▸ YOUR TASK: From the line with "You'll also notice" to the final line of the data below, please write out every line exactly, with no pictures.

▸ AVAILABLE DATA:
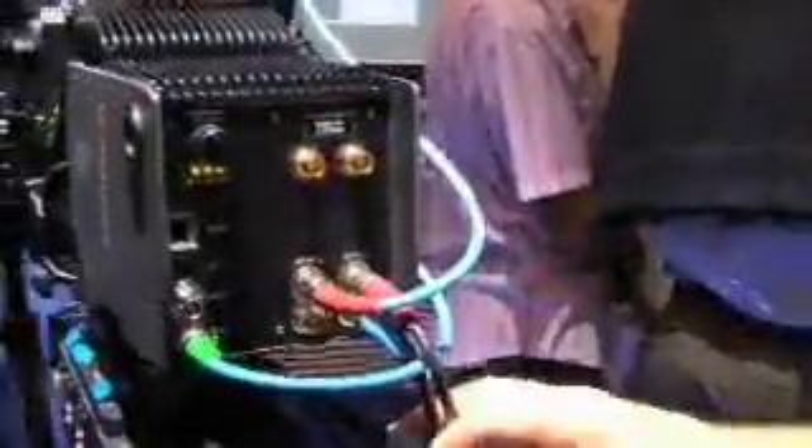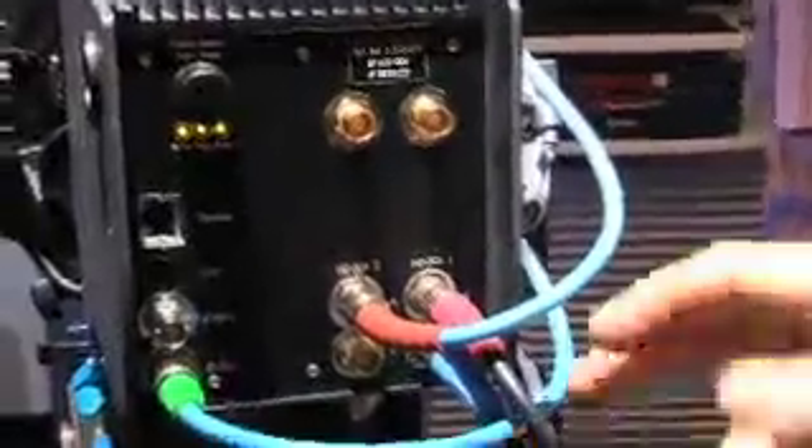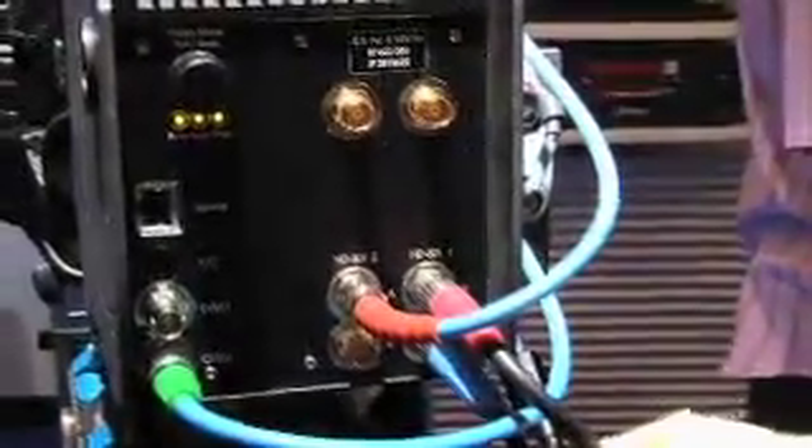The other and rather more interesting workflow is our data mode of working, and that's being demonstrated with this camera here. We're taking our raw data signal — what we call our ARRI RAW signal — out from the camera using these two BNC cables here, and those are connected to, in this case, the S2 Take-Two recorder.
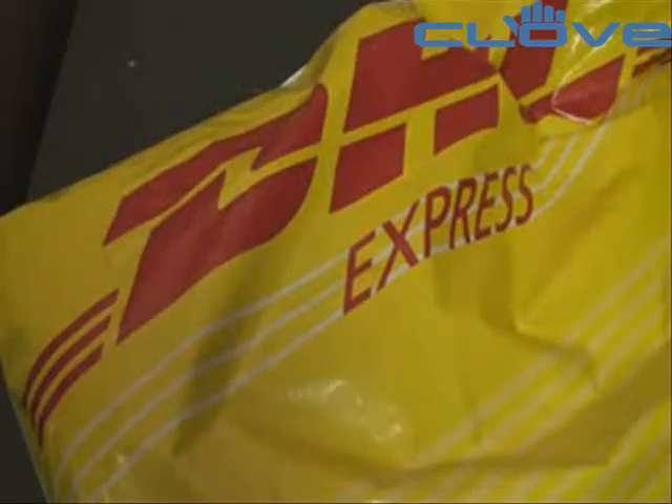Hey guys, it's Brandon Miniman from Pocketnow.com, and today we're excited to unbox the HTC Snap. This is the true successor to the HTC Excalibur, also known as the T-Mobile Dash. A lot of people really liked the Dash because it was a small device with a great form factor, a fantastic keyboard, and a great in-hand feel. People could tap out a message on a Dash in seconds — it was just a really productive device.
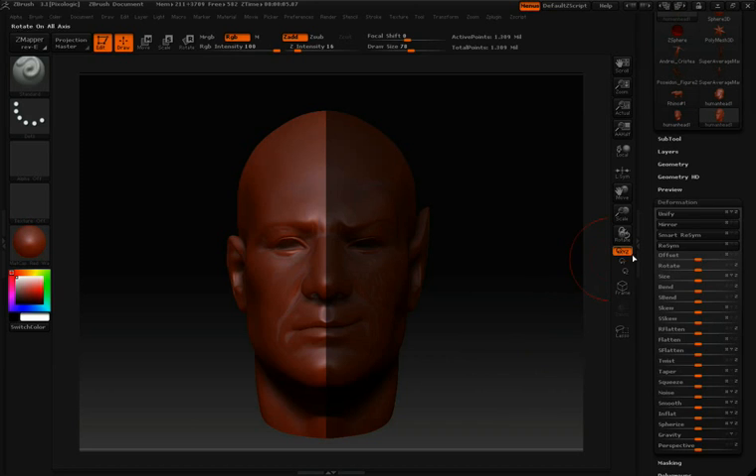You'll also notice that in the Smart ReSym option, you have the option of clicking X, Y, or Z — this is the axis that we want to mirror across. In this case it is X, so I'll leave X turned on, which is the default. Then I'll click Smart ReSym. ZBrush will take a moment to think about it, and then take all this information and mirror it over to the other side.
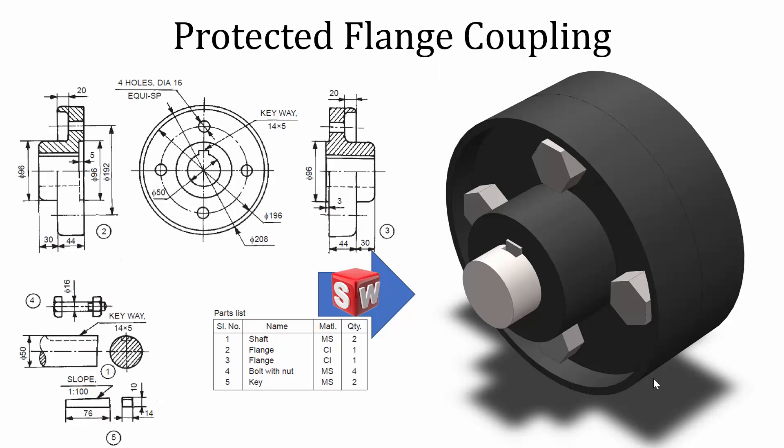Hello all, welcome to the SOLIDWORKS tutorials. In this video we are going to model the protected flange coupling. The protected flange coupling has five parts, so we are going to start with the shaft.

▸ TASK SOLUTION:
You'll also notice that in the Smart ReSym option, you have the option of clicking X, Y, or Z — this is the axis that we want to mirror across. In this case it is X, so I'll leave X turned on, which is the default. Then I'll click Smart ReSym. ZBrush will take a moment to think about it, and then take all this information and mirror it over to the other side.
Hello all, welcome to the SOLIDWORKS tutorials. In this video we are going to model the protected flange coupling. The protected flange coupling has five parts, so we are going to start with the shaft.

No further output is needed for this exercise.